But when the temperature here in Northwest Ohio hit 101 degrees this past week, and I threw on a t-shirt and a pair of shorts, I felt so incredibly sorry for my female ancestors. I could envision my grandmother many times removed as a widow with young children, living in a cabin in sparsely settled Clermont County, Ohio. Working from sunup til sundown in a dress that came down to her ankles. Anybody out there want to try that?
So I guess when you take all of this into consideration, it isn't difficult to understand the lifestyle that evolved from these situations. And at this point, we have to include widowers. It is safe to assume that pioneers migrated and settled in groups. The reason: survival.
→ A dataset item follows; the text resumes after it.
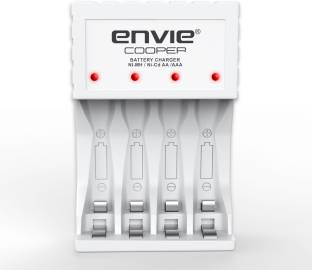 Envie Ultra Fast Charger ECR 20 MC | For AA & AAA Ni-mh Rechargeable Batteries | With LED Indicator | 600MA output current| Compatible with Power Banks | Car Charger | Laptop | Travel Adapter (White) (ECR 20 MC)  Camera Battery Charger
My great grandfather is buried with all of his wives. The group has a huge monument in the middle of the cemetery. Like they have their own subdivision!! Some of his wives were sisters. My grandfather married my grandmother's sister. And this was ok. What happened? When the wife died, usually due to complications from childbirth, her sister would move into the home to take care of the children. I suppose a relationship developed and before you knew it your aunt was your mom. The reason: survival.
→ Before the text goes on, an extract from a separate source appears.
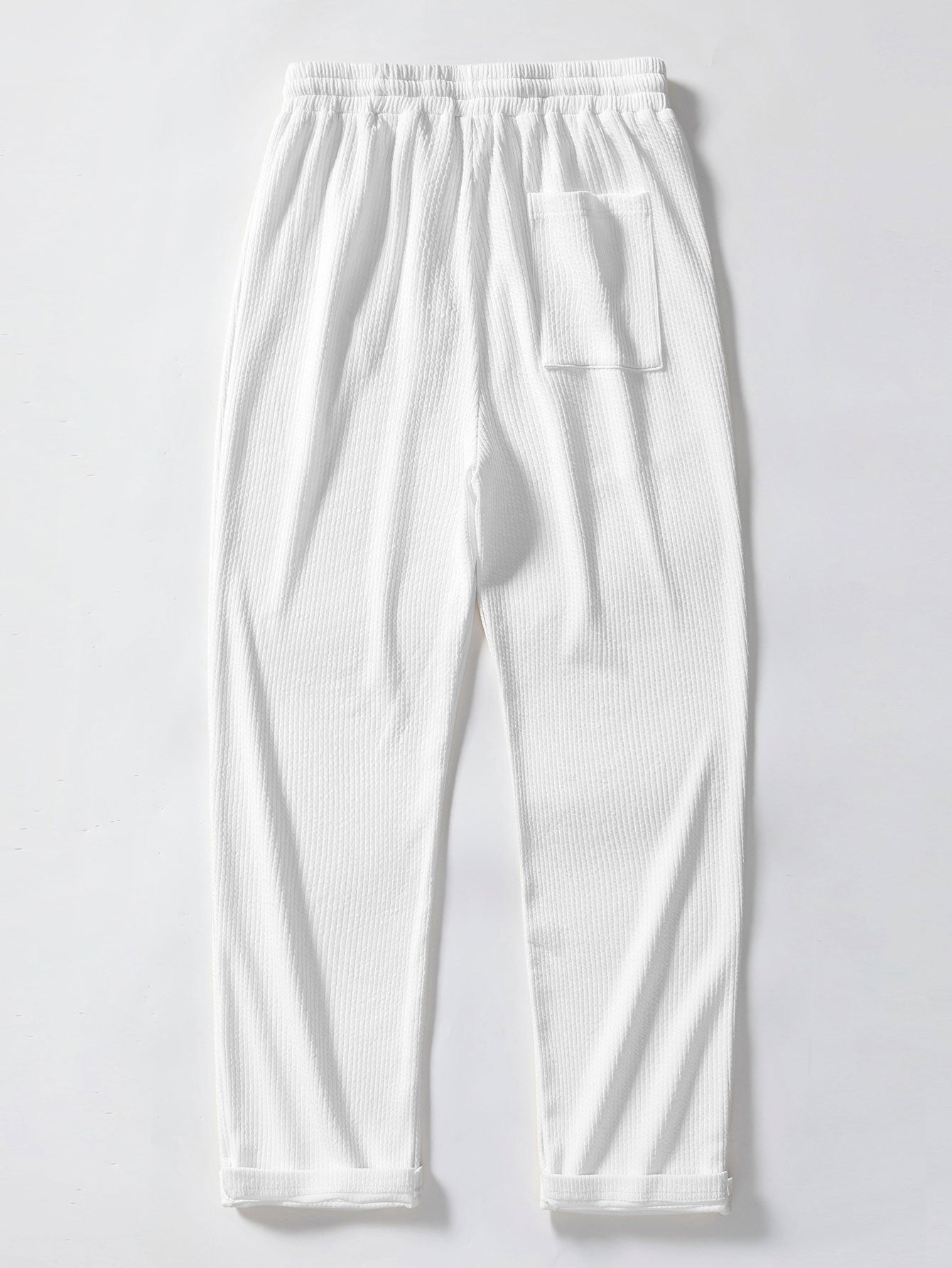 Ribbed Button-Up Shirt with Contrast Details & Straight-Leg Ribbed Trousers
Today these circumstances may seem strange, because a family can pick up and move to another town or country and continue on with their lives without taking the entire neighborhood with them. On the other hand I cannot think of anyone I know who would ever consider marrying their brother-in-law!!
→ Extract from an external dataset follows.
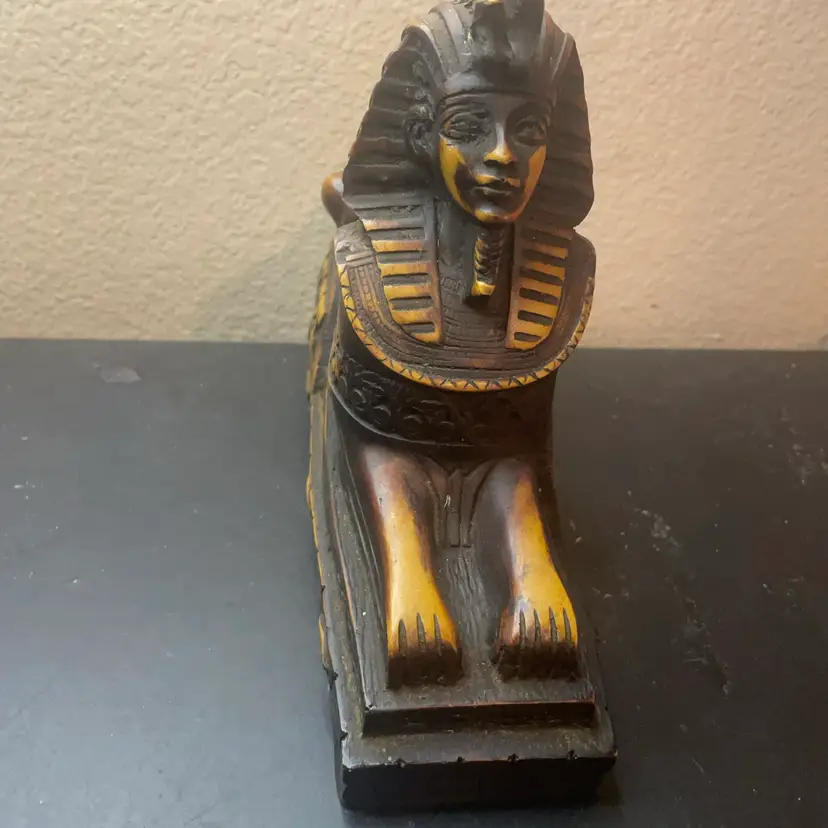 8” Wooden Replica of Egyptian Sphinx Figurine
You might say I have made a case for cluster genealogy and in a way you're right. But I prefer to think that if you want to find your female ancestors, you have to walk a mile in their shoes. Or perhaps several hundred miles. And you really have to take a good look at how they survived. Because, let's face it you wouldn't be here if they had not survived. Never assume that just because their husbands died that they disappeared into the woodwork. These were strong women and they had to have left records.
Note: These are just my thoughts based on my experiences over the last few months since my husband passed away. They might be a little bit random, but somehow they make sense to me. I hope you can gain some insight from them and incorporate them into your research methods.